Remembering those who never came home

In the midst of that wonderful book Solar Bones written by Mayo author Mike McCormack, there is an intensely moving passage which encapsulates the atmosphere of a house after its children have grown and left. It is as if the soul of the house has been hoovered out and what is left is a void within a space made for many, but now occupied by just one or two. It is feeling that many of you have experienced as your own children have grown up and left, the end of a slow metamorphosis of your home becoming just a house again, its four walls no substitute for the noise, the bustle, the drama.

The rooms they leave behind a perpetuation of your agony, the markings on the walls of their increasing heights scribbled in a place where you are reluctant to paint over lest it hasten the day they depart or hasten the day they cease being children, your children.

Their rooms a monument to the drama they brought to your lives, and now these rooms are just a stage where, with props and set intact, the actors have exited and you are left there to stare at it, and wonder what happened and where the years have gone.

And though you know that they will come and visit, you know that it will never be the same again, that now that they have the ability and will to go somewhere else, they will.

But for many people, the luxury of the slow process is robbed from them.
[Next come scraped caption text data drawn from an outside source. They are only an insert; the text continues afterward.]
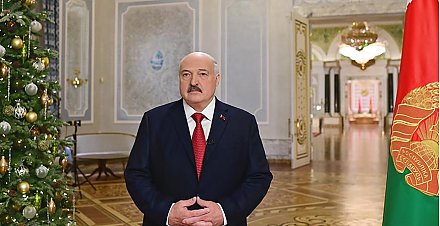 Эксклюзивная хроника. Посмотрите, как менялись новогодние обращения Александра Лукашенко и что их объединяет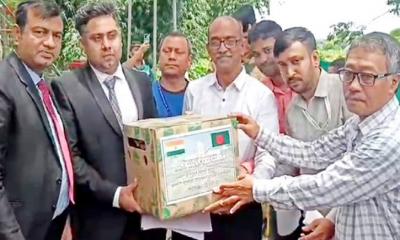 শেখ হাসিনাকে ৫০০ কেজি আনারস পাঠালেন ত্রিপুরার মুখ্যমন্ত্রী 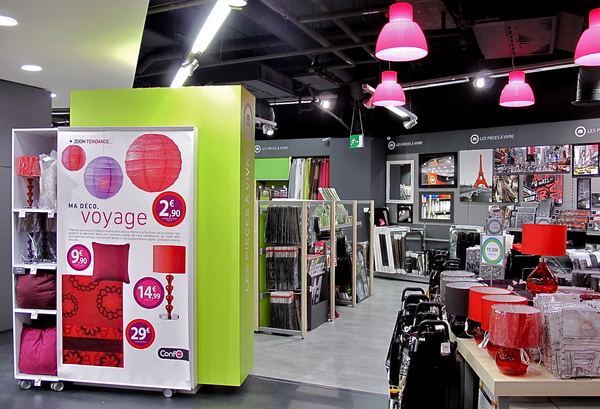 Confo Déco adopte un slogan simple et efficace “Tendances déco à  petit prix”et un aménagement moderne et coloré.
For many, it happens unexpectedly, in the blink of an eye, in an instant everything changed forever. How many of those who went to watch country music this week in Nevada thought that their rooms would never be visited again? How many of those who went to watch Ariana Grande in March would have ever thought that a visit to see the hero who adorned the poster on their walls, would be a tragic link to them never returning home again alive?

Ten years ago this week, a young Swiss woman had excitedly packed her bags in the room of the home she shared with her loving parents. It was to be her first trip overseas without them, and although they were nervous and filled with the normal apprehension of a doting parent, they knew that this fleeing of the nest would make her stronger, give her the licence to go on to become the type of person she wanted to become, allow her to be a giver to society, to contribute to our understanding of each other. She had it all mapped out, but first there was Ireland....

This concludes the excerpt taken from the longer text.